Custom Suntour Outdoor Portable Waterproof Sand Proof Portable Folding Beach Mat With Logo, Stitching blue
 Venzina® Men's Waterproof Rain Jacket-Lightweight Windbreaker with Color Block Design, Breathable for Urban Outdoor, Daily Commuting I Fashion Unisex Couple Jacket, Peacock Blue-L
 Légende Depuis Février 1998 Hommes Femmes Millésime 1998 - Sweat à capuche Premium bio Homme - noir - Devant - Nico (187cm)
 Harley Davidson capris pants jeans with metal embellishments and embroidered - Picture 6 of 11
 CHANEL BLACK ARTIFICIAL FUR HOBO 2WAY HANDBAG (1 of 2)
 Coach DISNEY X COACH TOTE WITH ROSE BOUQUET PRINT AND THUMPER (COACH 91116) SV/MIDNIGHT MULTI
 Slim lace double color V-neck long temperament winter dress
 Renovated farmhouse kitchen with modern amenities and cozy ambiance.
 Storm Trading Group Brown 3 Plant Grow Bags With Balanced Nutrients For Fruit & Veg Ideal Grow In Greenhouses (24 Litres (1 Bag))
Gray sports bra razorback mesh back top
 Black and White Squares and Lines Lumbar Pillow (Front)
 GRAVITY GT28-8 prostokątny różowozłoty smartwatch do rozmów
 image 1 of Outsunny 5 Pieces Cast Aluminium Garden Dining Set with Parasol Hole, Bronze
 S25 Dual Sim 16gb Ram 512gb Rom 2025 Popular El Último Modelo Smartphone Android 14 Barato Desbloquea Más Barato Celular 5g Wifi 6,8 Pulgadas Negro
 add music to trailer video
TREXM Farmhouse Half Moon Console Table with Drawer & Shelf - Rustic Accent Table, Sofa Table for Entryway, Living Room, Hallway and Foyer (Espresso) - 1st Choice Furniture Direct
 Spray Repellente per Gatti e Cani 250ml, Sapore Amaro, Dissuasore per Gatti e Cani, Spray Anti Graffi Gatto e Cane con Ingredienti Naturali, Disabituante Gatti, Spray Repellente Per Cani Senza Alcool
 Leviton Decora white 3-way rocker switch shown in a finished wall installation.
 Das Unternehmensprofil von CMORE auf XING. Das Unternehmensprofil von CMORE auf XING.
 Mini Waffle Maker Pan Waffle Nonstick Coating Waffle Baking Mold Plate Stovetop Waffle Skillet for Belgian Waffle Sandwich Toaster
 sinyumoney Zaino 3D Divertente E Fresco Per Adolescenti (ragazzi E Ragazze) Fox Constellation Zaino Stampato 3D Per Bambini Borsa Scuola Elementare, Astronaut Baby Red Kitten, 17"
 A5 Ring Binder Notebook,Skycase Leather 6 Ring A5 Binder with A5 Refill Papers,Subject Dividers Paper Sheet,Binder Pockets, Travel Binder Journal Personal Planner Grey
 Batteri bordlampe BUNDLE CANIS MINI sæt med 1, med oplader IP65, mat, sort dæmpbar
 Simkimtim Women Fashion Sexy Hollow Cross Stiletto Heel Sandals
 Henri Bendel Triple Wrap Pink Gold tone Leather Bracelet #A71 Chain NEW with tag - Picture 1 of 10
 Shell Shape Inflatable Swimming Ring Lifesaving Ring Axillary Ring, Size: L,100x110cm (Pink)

What you will do: Return the lines from the line containing "Henri Bendel Triple" to the end of the entries above, exactly as they appear and with no other output.

Response:
 Henri Bendel Triple Wrap Pink Gold tone Leather Bracelet #A71 Chain NEW with tag - Picture 1 of 10
 Shell Shape Inflatable Swimming Ring Lifesaving Ring Axillary Ring, Size: L,100x110cm (Pink)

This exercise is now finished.